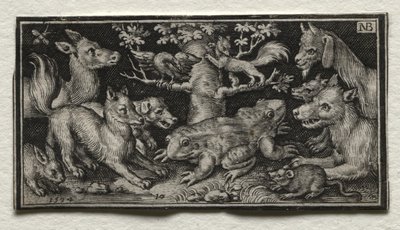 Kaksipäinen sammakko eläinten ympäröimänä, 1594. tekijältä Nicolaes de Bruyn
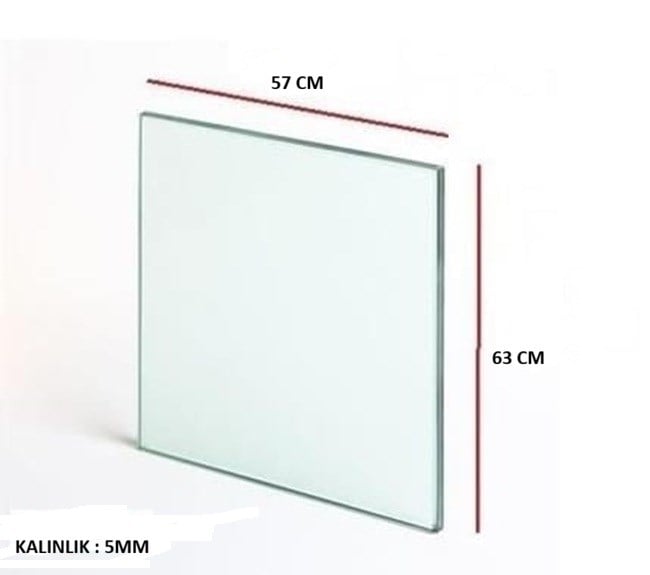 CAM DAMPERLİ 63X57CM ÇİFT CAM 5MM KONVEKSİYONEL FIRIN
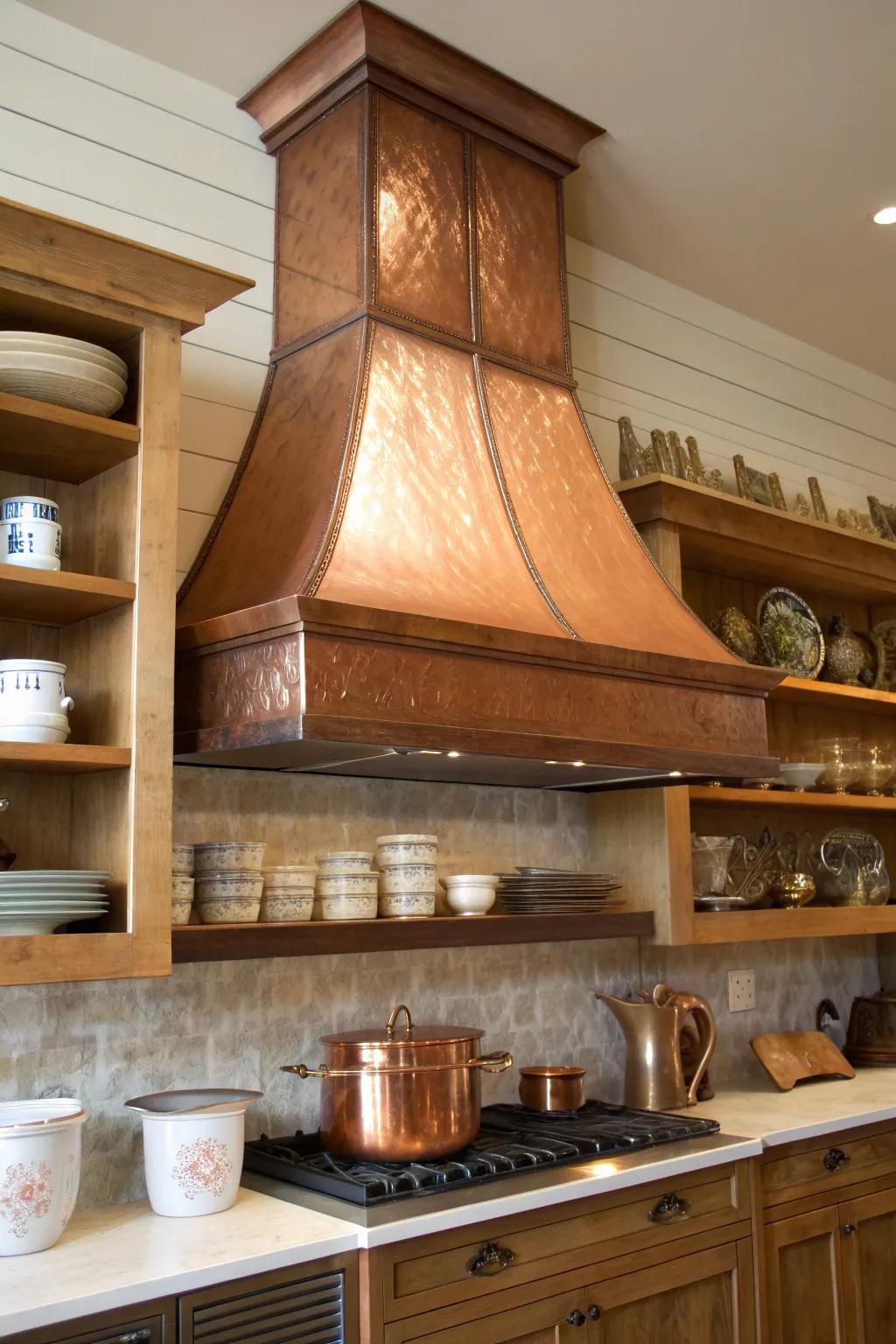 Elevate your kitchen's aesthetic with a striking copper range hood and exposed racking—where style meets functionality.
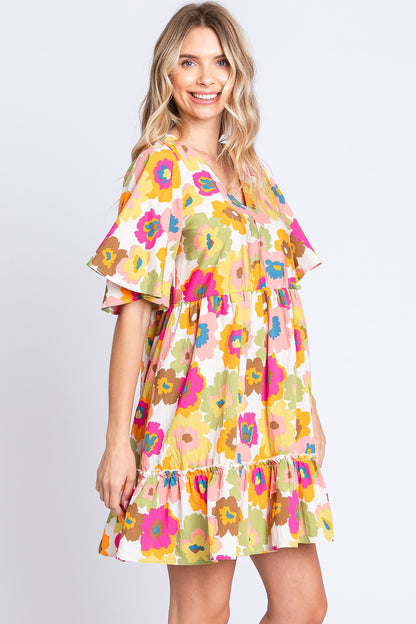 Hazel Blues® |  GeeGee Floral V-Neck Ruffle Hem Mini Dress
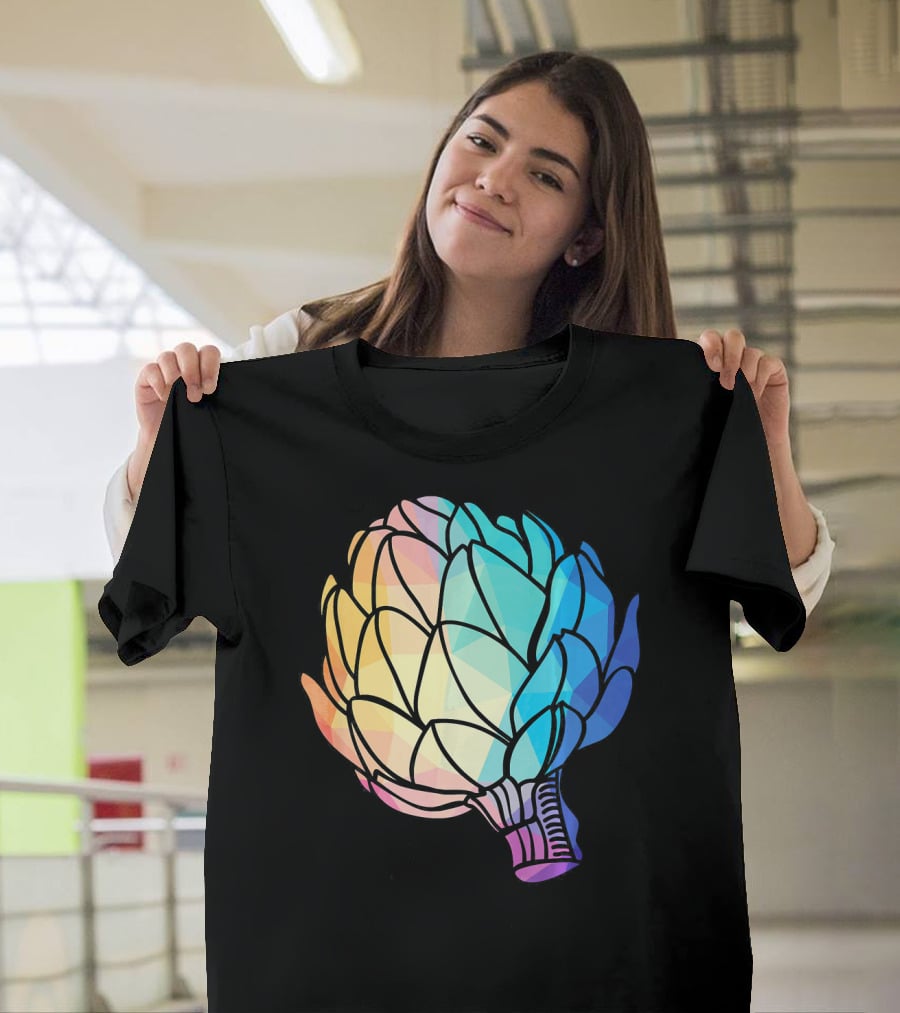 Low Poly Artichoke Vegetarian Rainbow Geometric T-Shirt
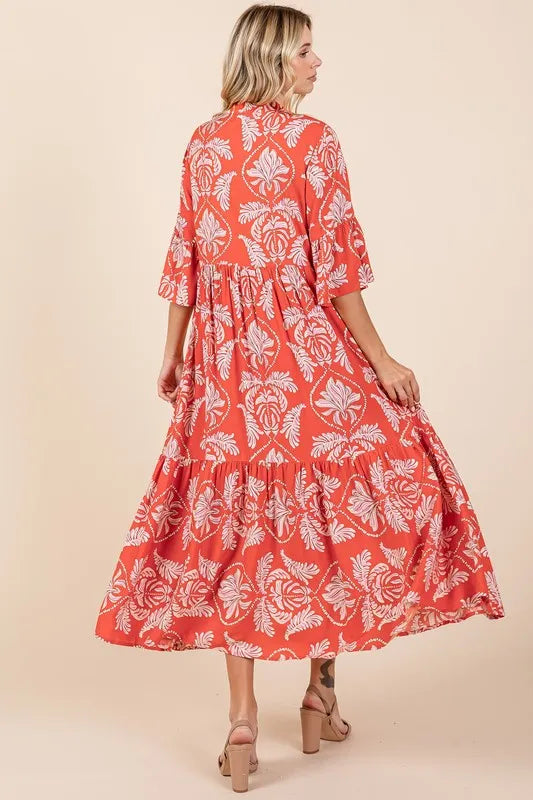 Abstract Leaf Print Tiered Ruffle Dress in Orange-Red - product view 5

==================================================

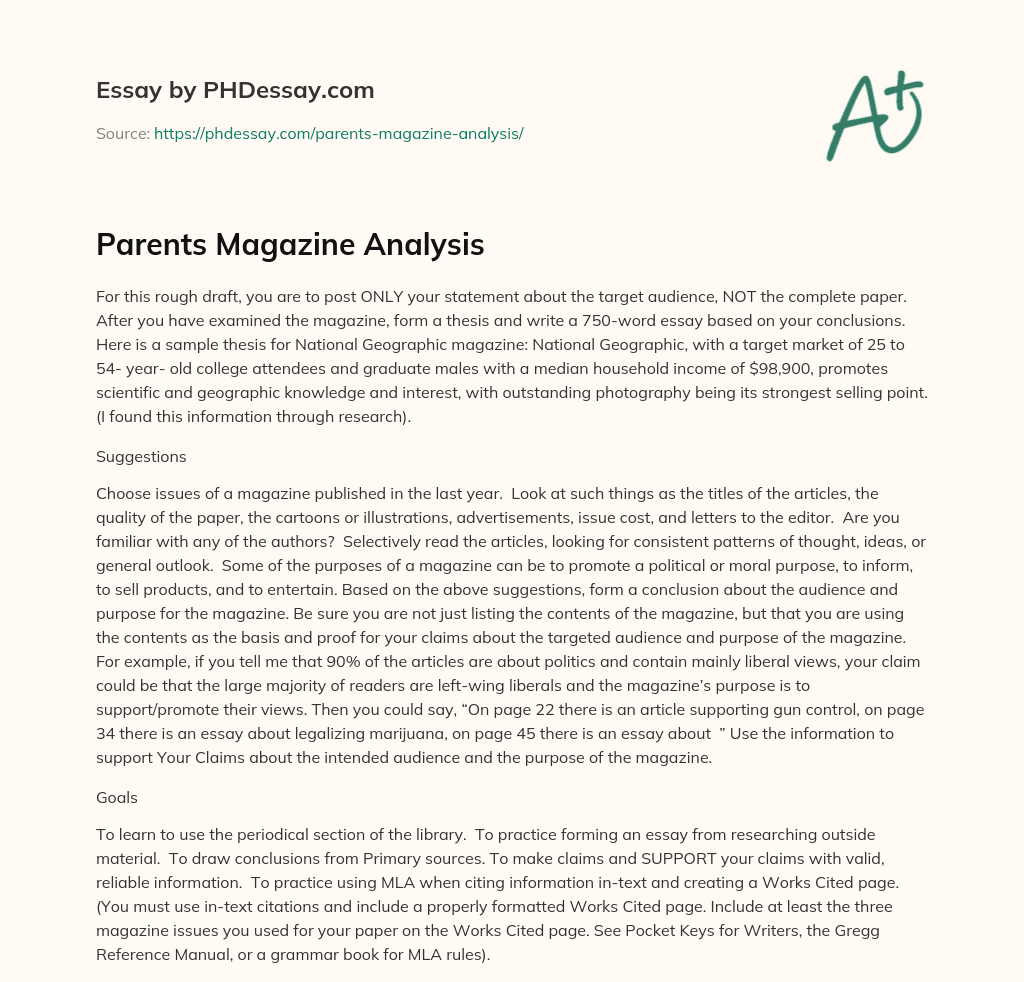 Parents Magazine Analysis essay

==================================================

- _Description of the task_
Take the material above and output only the lines from the one that contains "Elevate your kitchen's" through the one that contains "Low Poly Artichoke", ends included and images left out.

- _Task output_
 Elevate your kitchen's aesthetic with a striking copper range hood and exposed racking—where style meets functionality.
 Hazel Blues® |  GeeGee Floral V-Neck Ruffle Hem Mini Dress
 Low Poly Artichoke Vegetarian Rainbow Geometric T-Shirt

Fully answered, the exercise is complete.